Friends and family from the Village of Lucas set out on an adventure one day in 1912 and they took a camera with them. The album of photos they left behind tells the story of their visit to a riverside hollow up the Rocky Fork where they explored a unique natural wonder—a place where a dramatic work of sculpted sandstone was cut from the earth.
If you were to happen upon this wonderful stonework coming down from the top of the hill, it would seem as if the Earth had just cracked open to its depths—so sudden and steep is the planet broken that a kind of vertigo takes hold to make you catch your breath. That’s why the place got its name over a hundred years ago when tourists visiting the spot called it Hellhole.
A more peaceful hell one could not imagine though, nor a more lovely place of quiet repose. It has shallow reflecting pools that are so clear they look like a glass showcase protecting the colored pebbles beneath its surface.
There is something that quietly stirs the soul to be in a place where the mighty, coarse and solid rock is unexpectedly shaped in graceful carves and arches, smooth and cool and living green.
At some remote point in the distant prehistoric past—presumably due to the epic meltoff of great mountains of glacial ice that invaded from the north—our geography shows that terrific amounts of water went racing through Richland County like a stupendous spring flood.

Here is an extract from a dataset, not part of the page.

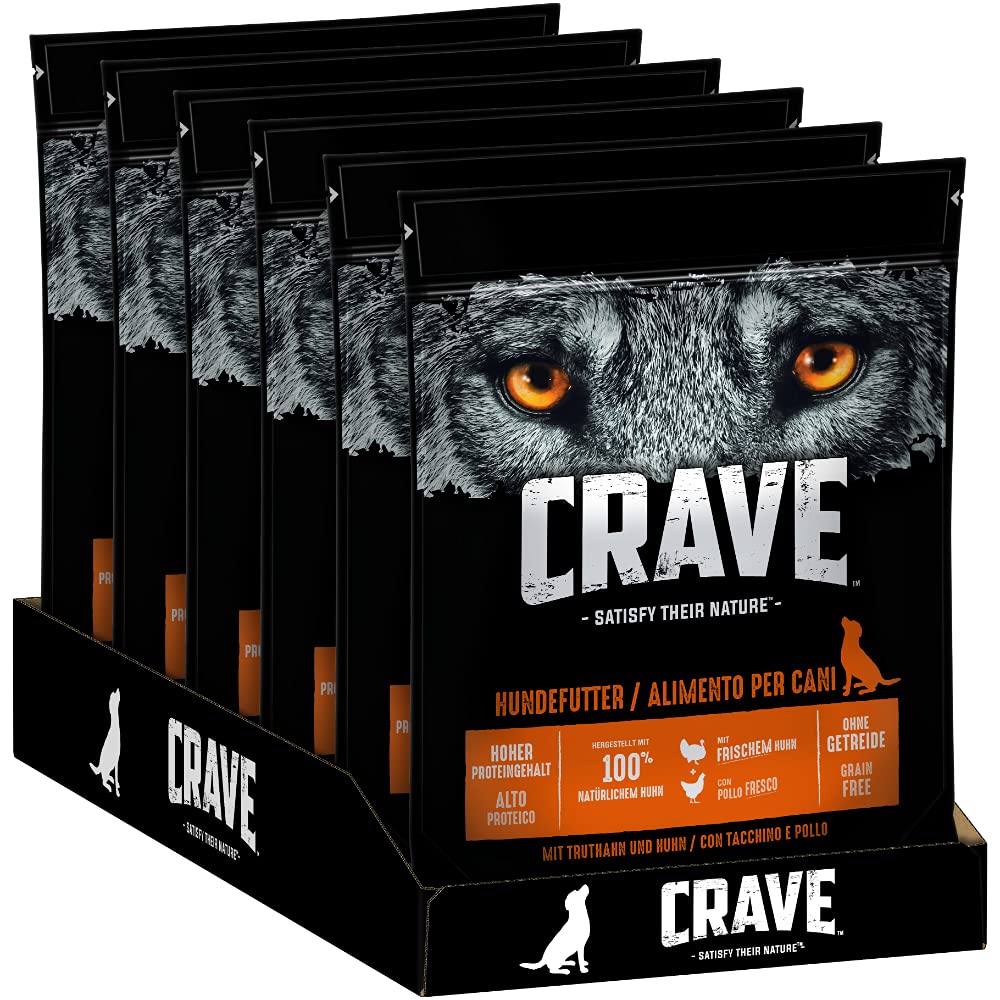 CRAVE Premium Trockenfutter mit Truthahn & Huhn für Hunde – Getreidefreies Adult Hundefutter mit hohem Proteingehalt – 6 x 1 kg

And like every spring runoff it carried away dirt, only because it was such an unbelievably colossal washout—huge rivers of it—the water swept out so much soil that the bare bones bedrock and the sandstone underpinnings of our landscape were exposed.
And because that layer of rock holding up our hills was sandstone—made of compressed sand—it was not difficult to carve, so the hurling waters sculpted for us the picturesque array of cliffs, waterfalls, caves, and scenic rock formations that have been sight-seeing destinations ever since humans first discovered them in the forest.

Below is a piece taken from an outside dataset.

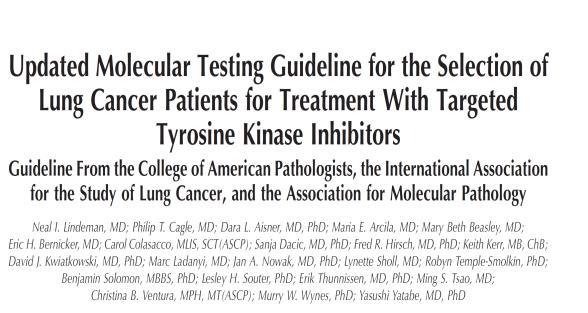 Arch Pathol Lab Med 2018;142:321-346 Strong Recommendation Physicians must use EGFR, ALK and ROS1 molecular testing to select lung adenocarcinoma patients for EGFR,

It is interesting that the notable stonemade features of this area—no matter how many miles apart—are all cut from the same gigantic piece of sandstone. Fleming Falls, north of Mansfield, and Hemlock Falls by Butler; Gatton Rocks along the Clear Fork and Lyons Falls in Mohican—all of these natural beauties are related just below the skin of the green earth, and were all sculpted out of the planet in the same dramatic manner.
One of the lesser pieces of our local rock collection, and the one least recognized or accessible, is Hellhole.

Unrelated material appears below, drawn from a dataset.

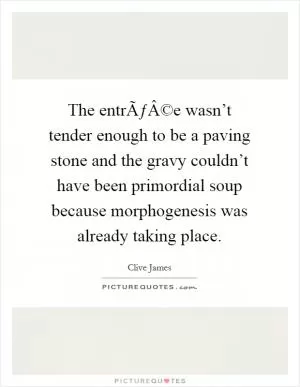 The entrÃƒÂ©e wasn’t tender enough to be a paving stone and the gravy couldn’t have been primordial soup because morphogenesis was already taking place Picture Quote #1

That Which is Not Hellhole
The old joke goes: How do you carve an elephant? You take a big piece of stone and cut away everything that doesn’t look like an elephant. When the carving is finished everyone is looking at the elephant and no one particularly wonders about all the rest of the stone that was cut away…everything that doesn’t look like an elephant.
That is the unspoken question posed by the presence of Hellhole, Fleming Falls, Hemlock Falls and all the other Richland County rocky ravine features: what happened to all the rock and earth that was cut away in order to make the sculptures?
The rolling hills and scenic valleys of our home were all shaped by the removal of earth. Somewhere there must be a prodigious pile of dirt. When you dig out a hole for your basement cellar all that dirt has to go someplace… where did all of our fill dirt go?
The answer to that enigma can be found on any roadmap of the United States. If you drive out of Richland County and head south about 600 miles you’ll pass through the Great Smokeys and then come out on the flat countryside of Georgia, Alabama, Florida. All of these Gulf Coast states are built of nothing but fill dirt: all the runoff that washed out of Ohio, Kentucky, Tennessee to carve the mountains and foothills.
So sometime when you’re on the beach on the sunny south coast of America and you look down at the sand on your toes, you may be looking at grains of sandstone carved away from Monroe Township in order to chisel out Richland County’s Hellhole.